In the Spearfish, Legacy has identified in excess of 440 net undeveloped locations (88 percent unbooked), at a spacing of eight wells per section. This risked inventory only includes a portion of the Bottineau County lands and incorporates the well results, geological control and 3D seismic at Pierson. The Company's spacing assumption of eight wells per section could prove to be conservative as other operators are drilling the Spearfish at 24 wells per section. Legacy has been developing the play with one mile long horizontal wells while other operators have been drilling one-half mile horizontal wells. Based on similar spacing, Legacy's number of undeveloped locations would increase by 50 percent.
The Company has also been at the forefront in identifying the waterflood potential in the Spearfish. Based on analogy to the South Pierson Unit, which has been under waterflood since 1993, Legacy anticipates waterflood to result in a 14 percent recovery factor of the original oil in-place.
At Turner Valley, the Company drilled 4 (3.2 net) successful horizontal Rundle oil wells in 2011 (2 gross (1.7 net) in the fourth quarter of 2011) and completed one of these wells with a multistage acid fracture stimulation before year-end. This first well came on production in November 2011 with an initial production of 225 Boe per day and has stabilized at a rate of approximately 170 Boe per day. The three other horizontal wells came on production at various times in the first quarter of 2012 and are exhibiting encouraging rates that are improving over time as water cuts continue to decrease. The recompletion of an existing Rundle horizontal well (7 year old well) in February 2011 with a multistage acid fracture stimulation increased production from 25 Boe per day to 110 Boe per day and the well currently is producing at 100 Boe per day. Also at Turner Valley, Legacy had additional success with another test of its jet pump skid. The subject well was producing at 18 Boe per day prior to installing the jet pump, and the rate has since increased to 45 Boe per day. The Company will provide an operational update on these wells in the coming months.
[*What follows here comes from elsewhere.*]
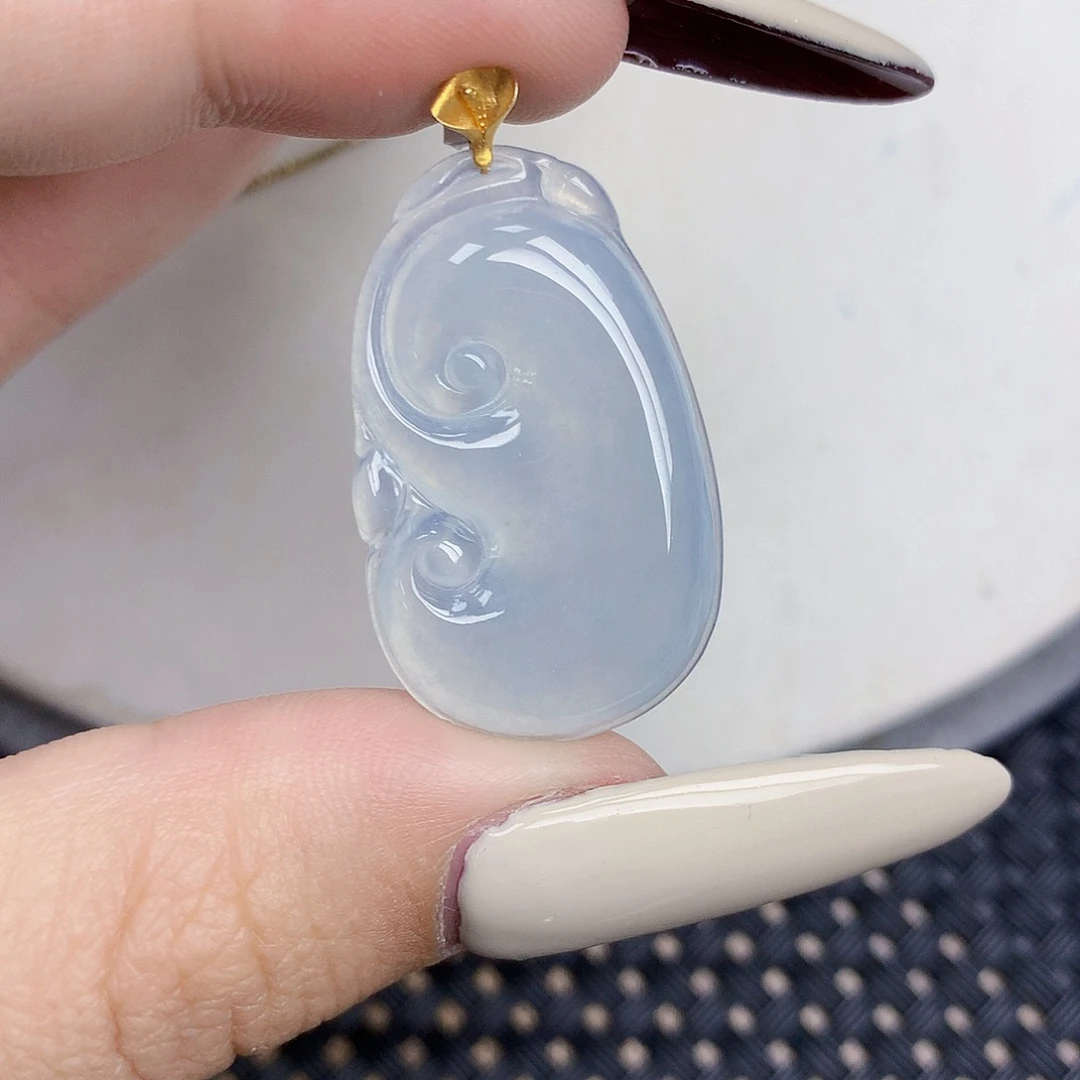 翡翠18K金镶嵌颈饰天然缅甸翡翠a货百元以上9元证书费自理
At Taylorton, modification of the fracture stimulation treatments has led to continual improvements in production rates, with a number of wells achieving the highest initial production rates to-date. Legacy drilled 9 wells that had 30 day initial production rates in excess of 260 Boe per day per well. These wells have continued to perform, with 90 day average production rates of 260 Boe per day per well and six month production rates averaging 190 Boe per day per well. The Company also began injection in April 2011 in a pilot waterflood and has plans to expand this project in 2012. This pilot waterflood could lead to incremental reserve bookings and lower production decline rates and could be expanded depending upon results.
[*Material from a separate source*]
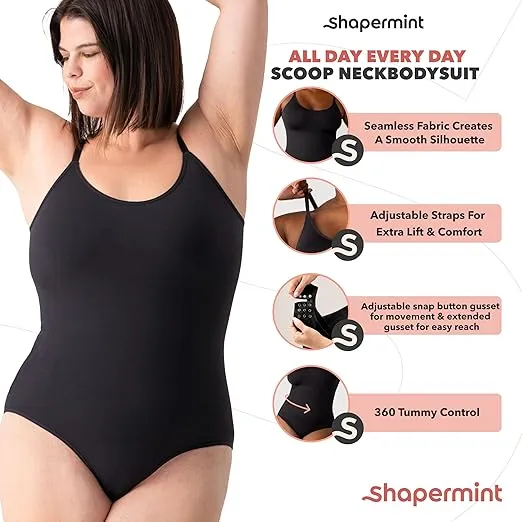 SHAPERMINT Scoop Neck Bodysuit for Women | Shapewear Body Suits for Women with Tummy Control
At Star Valley, Legacy has applied its leading fracture stimulation design developed in Heward to this area with good success. As a result, the Company believes the Bakken play boundaries have expanded and has increased its drilling location inventory to more than 50 net wells in Star Valley. At Heward/Stoughton, the Company initiated a pilot waterflood at Heward in November 2011, which could lead to incremental reserve bookings and lower production decline rates and could be expanded depending upon results.
The Torquay (Three Forks) coreflooding study at Frys/Antler was completed in 2011 and Legacy combined the study with a comprehensive geological and geophysical review of the area. Reservoir characteristics, including net pay, porosity and permeability appear similar to the highly successful waterflood in the Sinclair Three Forks 'B' pool located in Manitoba, directly offsetting the Company's lands. This waterflood project has been underway since mid-2006 and has now been expanded to more than 24 sections and is expected to recover up to 30 percent of the Petroleum Initially in Place ("PIIP"), a more than five‐fold increase in recovery factor over primary production. The Legacy study indicates similar potential waterflood recoveries of approximately 30 percent of the PIIP. Legacy has exposure to more than 90 MMSTB of net PIIP in the Torquay at Frys/Antler area (as independently mapped by GLJ Petroleum Consultants Ltd., August 1, 2009). Pilot waterflood implementation on Legacy operated lands is expected later in 2012. No reserves are assigned to waterflood in this area in the December 31, 2011 reserves report.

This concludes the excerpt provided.